A primeira não importa agora para a economia deste texto, mas apela à ideia, muito contrária ao que vou percebendo do espírito luso, de que as regras (boas e bem feitas) simplificam e melhoram a nossa vida, libertando-nos de chatices, de perdas de tempo, e, por isso, dando-nos liberdade para fazer coisas que nos dão prazer e felicidade. Mas é a segunda dimensão que me interessa aqui: as regras limitam. Pessoas que gostam de regras, que gostam verdadeiramente de regras, não se bastam em ter nas regras a sua zona de conforto. Elas gostam de regras porque sabem que as regras traçam a fronteira entre a civilização e a barbárie, entre o conhecido e construído e o desconhecido e por construir, entre a luz e as trevas. Isto, ao contrário do que possa parecer não serve (embora já tenha servido no passado a pessoas sinistras) para defender a obediência cega no direito. Serve, exactamente ao contrário, para nos fazer perceber que as regras só podem servir para o que foram criadas e que não abarcam tudo. O Direito não faz milagres. Há mundo para além das regras e nesse mundo não faz sentido apelarmos para elas. Pelo contrário, é errado, é injusto.
Nestes momentos, do fim do direito, do fim das regras por confronto com situações para as quais não há regras, há que ter a coragem de parar e pensar numa solução, de acordo com valores. Como no princípio dos tempos, é sobre valores que as regras se constroem e é, por isso, a eles que temos que regressar quando somos confrontados com situações para as quais as regras que temos não servem. Há aqui qualquer coisa do jovem Wittgenstein, quando separava o mundo entre aquilo que conseguimos pensar e dizer e o que não conseguimos pensar (Tr 5.6). O mesmo com as regras: não faz sentido querer aplicar regras a situações para as quais elas não foram pensadas. Há que primeiro pensar nas novas situações e então criar novas regras.

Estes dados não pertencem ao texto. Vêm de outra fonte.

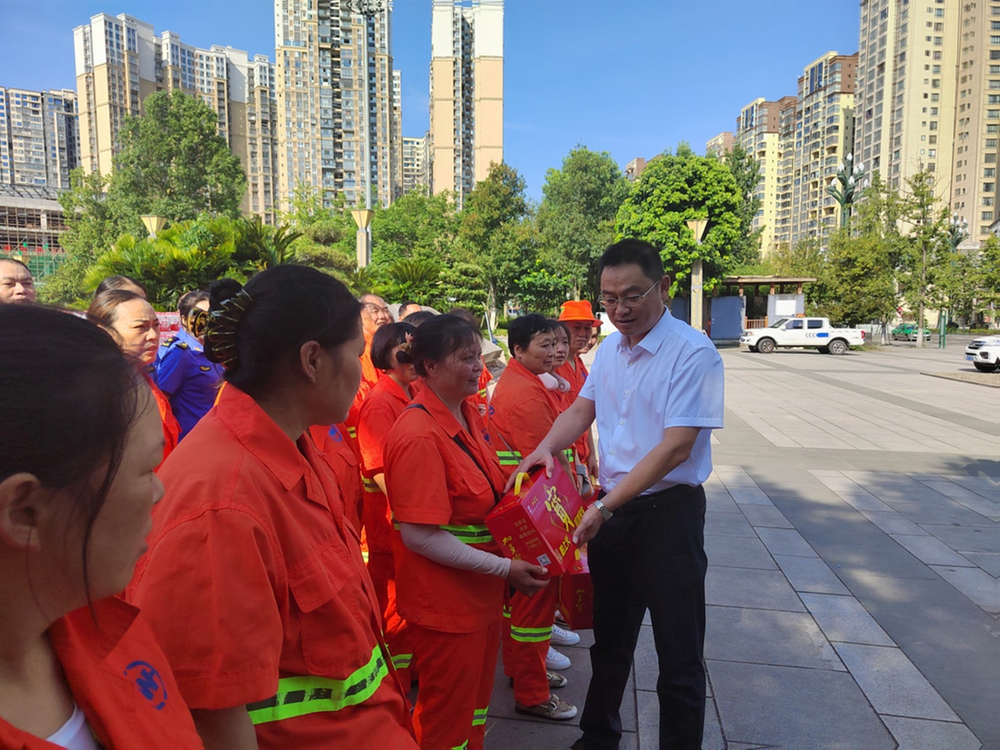 四川光明集团公司慰问城市保障一线员工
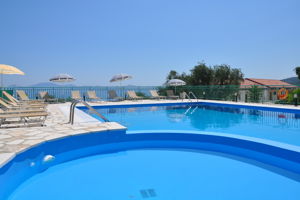 Fly & Go Yiannis Appartementen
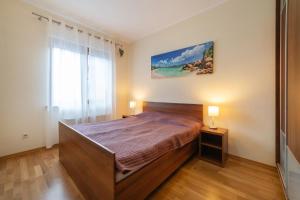 Apartament 4 Pory Roku Apartinfo z basenem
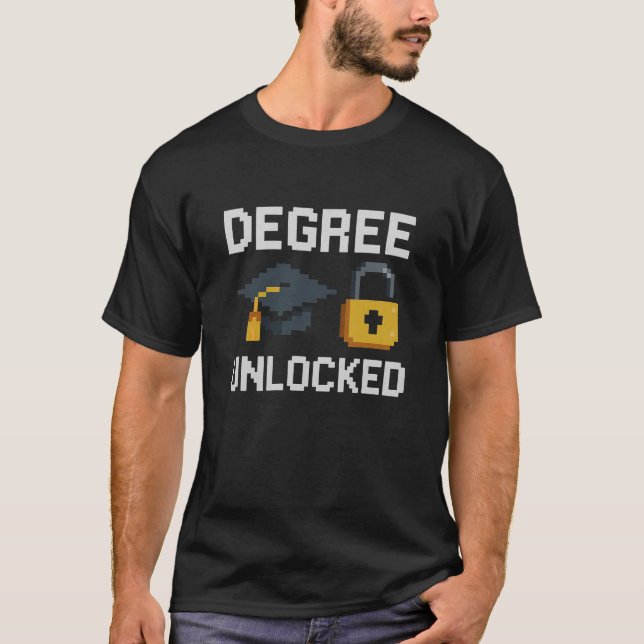 Camiseta Graduação Desbloqueada (com tema de arte em pixel) (Frente)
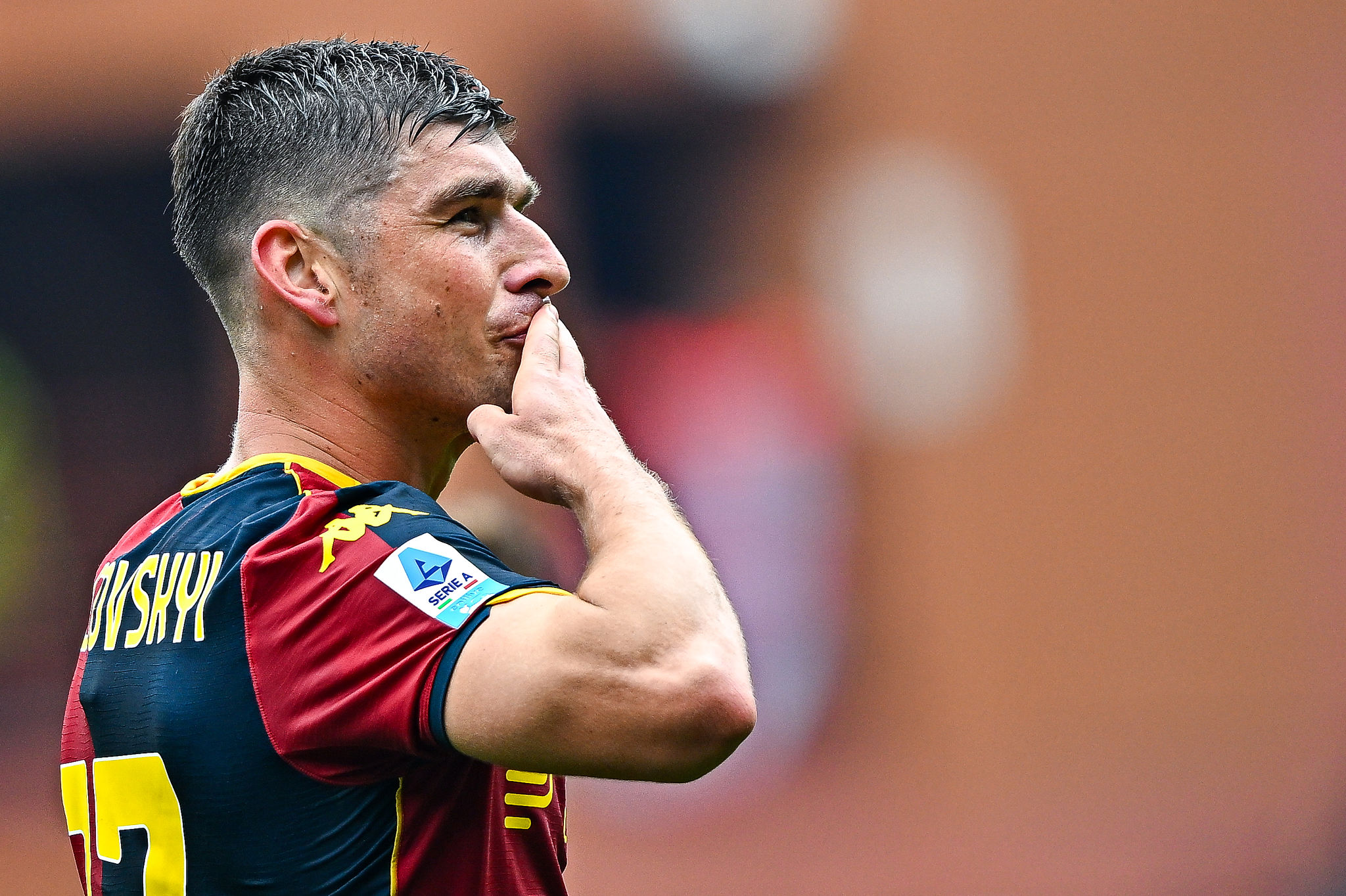 Martin rinnova, Malinovskyi in dubbio: il Genoa tra conferme e cessioni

O que tem acontecido na Grécia e pode muito bem vir a acontecer com Portugal, é um problema de regras, assente no maniqueísmo que vivemos: como o cenário de default é tomado como inaceitável e, sobretudo, pior do que a alternativa, ou seja, a austeridade dos pacotes chamados de ajuda. E como as regras são para cumprir e os países se endividaram livremente sabendo as regras que lhes eram aplicáveis, então há que tudo fazer para que possam aplicar-se as regras. Mas tudo isto é uma falácia de proporções colossais. Em que as primeiras vítimas são as próprias regras e as últimas serão as pessoas, como se verá na Grécia se tudo continuar neste caminho.
A ideia maniqueísta que preside ao debate europeu é a primeiria ideia que é preciso desmontar. E não se trata sequer de colocar em dúvida esse maniqueísmo - ou seja, de que o não pagamento da dívida seria muito pior do que a austeridade que está a ser imposta à Grécia. Do que se trata é de dizer que desde 2008 até agora, e com tendência para continuar, estamos a viver uma situação para a qual não há regras pensadas e adequadas. Situação de excepção como sucedeu a seguir a guerras mundiais ou a grandes depressões económicas. E, assim sendo, é preciso voltar aos valores para construir novas regras.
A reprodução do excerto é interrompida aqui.